Comments (7)
Hello @ghstahl
See some description of epoch in docs.
So epoch describes the generation of stream, to help properly detect missed messages in case there was stream like this one:
EPOCH#1 0, 1, 2, 3
And then stream was lost and new publications were added to a stream with new epoch:
EPOCH#2 0, 1, 2, 3
In this case when client tries to recover from EPOCH#1 and offset 2 – history call will receive unrecoverable position
error (code 112
). And automatic recovery in client protocol will provide recovered: false
flag, signalling that state should be loaded from the main application database.
Let's assume the following.
maxUint64 is 10.
It's not 10, not sure why we should assume this. You can stream to channel in 240 Hz more than a billion years to achieve max uint64 value. Centrifugo will handle case when epoch changed and offset was reset, but it wont handle the case when epoch is the same but offset is 18446744073709551615 0 1 2
- it's UB, and there are no plans to change this as there is no practical reason.
from centrifugo.
To get more clarification.
My tests are stopping my go client and adding a few messages to centrifugo.
I also block OnPublication events from centrifugo until I have caught up.
OnStartup case 1:
I load from my storage EPOCH#1
and offset 2
I get an OnSubscribed
event from centrifugo with streamposition;
EPOCH#2
and offset 4
Being different this causes me to go into a history recovery loop.

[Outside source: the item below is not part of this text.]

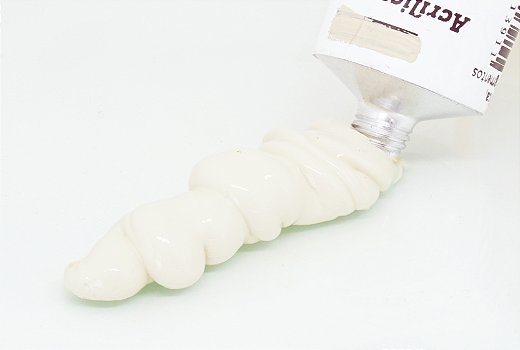 02.a. Acrílica BRANCO AREIA Joules & Joules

What will happen? From what I can gather I lost everything in EPOCH#1
and probably should change my historical stream position to
EPOCH#2
and offset 0
to get something.
OnStartup case 2:
I load from my storage EPOCH#1
and offset 2
I get an OnSubscribed
event from centrifugo with streamposition;
EPOCH#1
and offset 5000
Being different I enter a history recovery loop to fetch those missed messages.
During that loop I get another OnSubscribed
event from centrifugo. I have seen this happen in my tests.
I can assume this means I have lost connection and I now get a new streamposition from centrifuge that is further along than the initial one.
This cause me to shutdown my previous catchup loop and spawn another.
I assume I may get a different epoch like EPOCH#2
in the second onSubscribedEvent. What now?
A more high level question
: Should I just consider the streamposition as opaque and deal with whatever errors I get from the history apis. I probably should have no business even knowing what the internals of StreamPostion are?
from centrifugo.
Tests so far.
From the looks of it, under failure I just get the Epoch of the current subscription if my stored Epoch doesn't match and set my offset to 0
.
I set history config as follows.
{
"token_hmac_secret_key": "my_secret",
"api_key": "my_api_key",
"admin_password": "password",
"admin_secret": "secret",
"admin": true,
"allowed_origins": ["http://localhost:3000"],
"allow_subscribe_for_client": true,
"namespaces": [
{
"name": "chat",
"presence": true,
"join_leave": true,
"history_size": 2,
"history_ttl": "300h",
"force_positioning": true,
"force_recovery": true,
"allow_history_for_subscriber": true,
"allow_publish_for_client": true,
"allow_subscribe_for_client": true
}
]
}
I know my Epoc and made a history call with
{"Offset":0,"Epoch":"FMvS"}
Sending in the wrong Epoch I expect an error - good
{"error":"112: unrecoverable position"}
I only add 2 message and I get my 2 from history - good
{
"level": "info",
"batch": {
"Publications": [
{
"Offset": 1,
"Data": "eyJpbnB1dCI6ImgwMDAifQ==",
"Info": {
"Client": "9a7eca8c-545c-4c8c-a150-884720d65589",
"User": "49",
"ConnInfo": null,
"ChanInfo": null
},
"Tags": null
},
{
"Offset": 2,
"Data": "eyJpbnB1dCI6ImgwMDEifQ==",
"Info": {
"Client": "0252a95d-dff7-4a25-a011-27d849b23684",
"User": "49",
"ConnInfo": null,
"ChanInfo": null
},
"Tags": null
}
]
}
}
I sent 10 messages, so the theory is that only the last 2 are kept for 300h.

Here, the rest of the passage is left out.